* REQUIRED ACTION:
All the lines below should be set down exactly, with no picture carried into the copy.

* DATA EXCERPT:
Start of Block

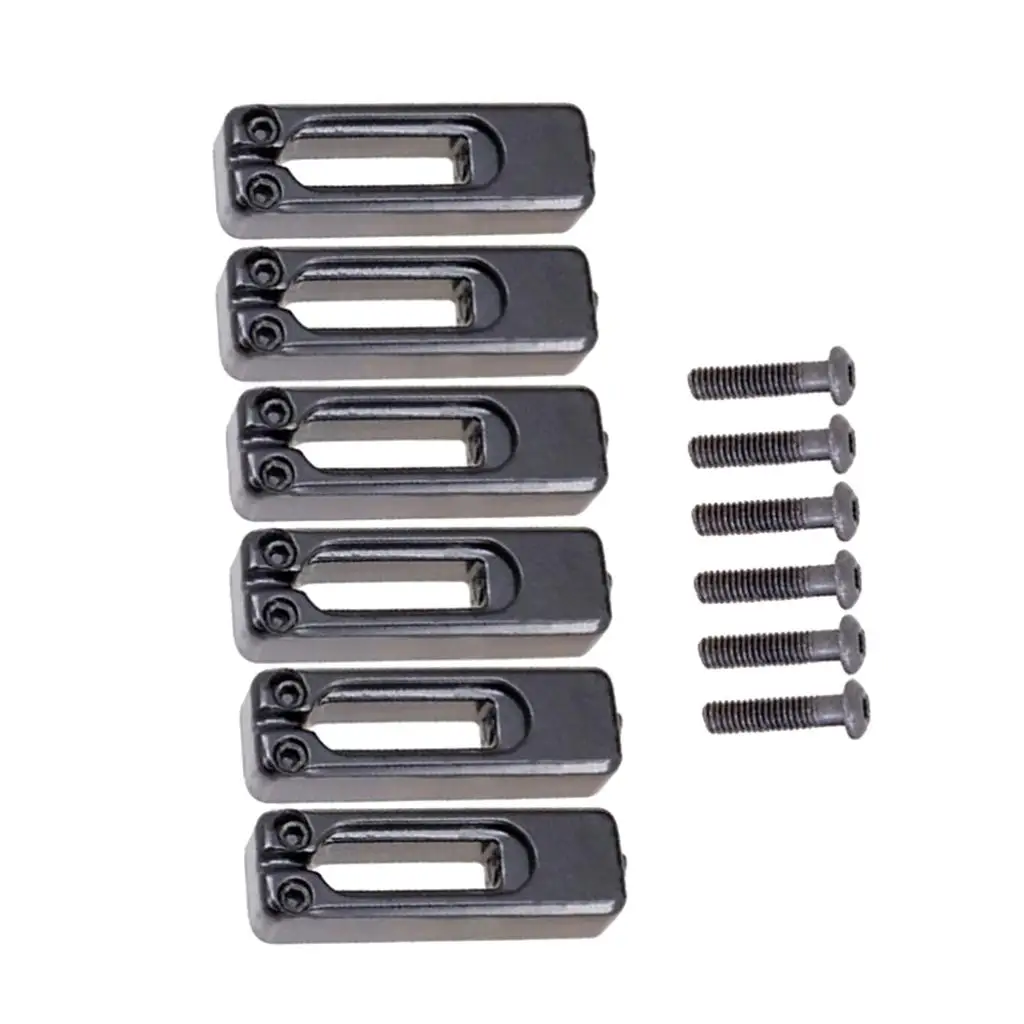 Pack of 6 Guitar Bridge Saddles with Screws for Electric Guitar Tremolo Bridge accessories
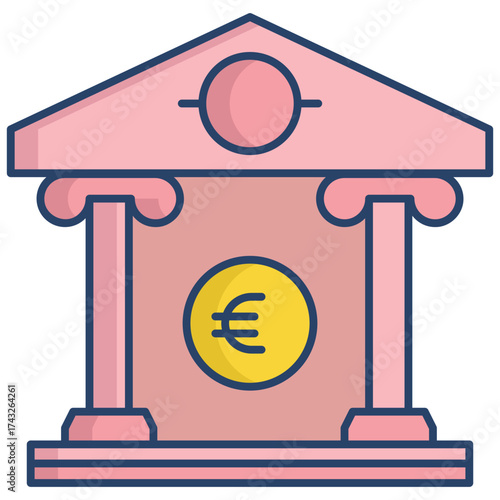 yen Investment linear color icon design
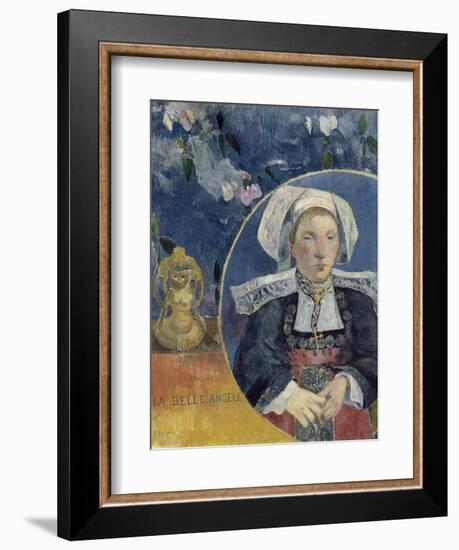 La Belle Ang¨Le (Beautiful Angel) by Paul Gauguin-Paul Gauguin-Framed Giclee Print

End of Block

* ANSWER BOX:
 Pack of 6 Guitar Bridge Saddles with Screws for Electric Guitar Tremolo Bridge accessories
 yen Investment linear color icon design
 La Belle Ang¨Le (Beautiful Angel) by Paul Gauguin-Paul Gauguin-Framed Giclee Print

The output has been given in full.